Thursday, August 22, 2013

Children Value Presence, Not Presents


The best way to teach our children is to be there for them,
to guide them and show them how to be the best they
can possibly be.

Our children will always value our
presence than our presents

5 comments:

a Seeker of the TRUTH said...

All a child needs is quality time rather than quantity time, and love being shown rather than hearing short tempers and impatience to make your little one happy

Anonymous said...

That is the best way I have ever heard it put. It seems like these days there is no family time. Everyone goes their on way. They do not realize this until it's to late they have missed their child growing up. Because one day your bringing your baby home and its like over night your helping them move out on their on and your wonder where did the time go.
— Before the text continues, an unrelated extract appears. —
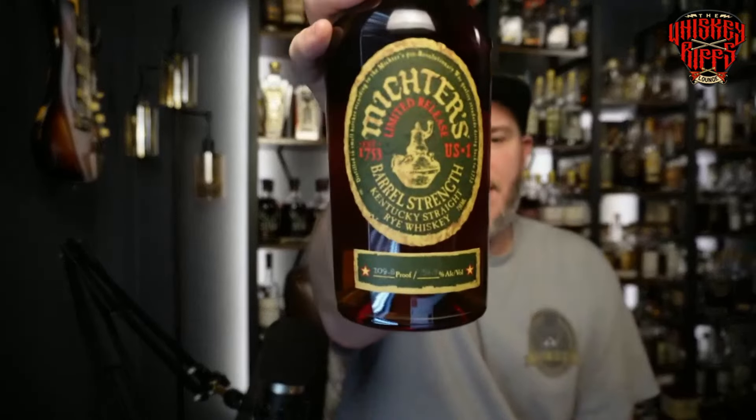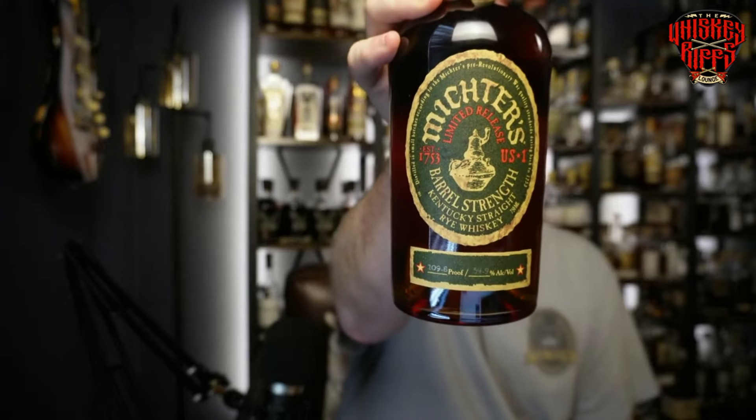Hello again whiskey friends. Welcome back to the Whiskey Rich Lounge. My name is Kelsey. We're gonna jump into some Michter's Barrel Strength Rye. Darrell is reviewing the same bottle so it'll be interesting to see the different takes on this, but let's go ahead and get to the quick review for you.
Well it went by without spending all the time you could have with your child but you were to busy doing other things you thought were more important good your family when what was the most important thing was spending time with your child making memories for them and you something your child wanted more then material things. Remember LOVE is free and your child will grow up and be gone before you know it, so while you can spend all the time you can with them and always let them know you love and you are proud of them. The ones that get that at home will know that is how family is suppose to be and will raise their children like they were raised never let your child go through life wondering if you really ever loved them, that hurts I know because I was gone that way but I make sure my daughter knows everyday I love her and proud she is my daughter. Don't be ashamed to show them all the love you have for them ,heck my daughter is 36 and it doesn't matter who's around or where we are I make sure she knows I love her.

Anonymous said...

You have said this so good. This puts me in mind of my late husband he was always at work or out with the guys so my sons suffered because of it. I was a stay at home mom not by choice but because my sons needed me at home. My husbands mother died when he was very young like 5 and he didn't want his kids growing up without a mom home with them. He has been gone over 9 yrs and my sons ared grown the baby one is 29 and I'm like you I let them know I love them.

Anonymous said...

I hope you misspoke/mistyped, Julie. A child needs QUANTITY time. A child is not some item to pencil in on your busy schedule. A child is a parent's first priority above all others. That does mean sacrificing many personal wants and desires to give the child what he/she needs - QUANTITY time.

Anonymous said...

The cats in the cradle, by Harry Shapin, enough said.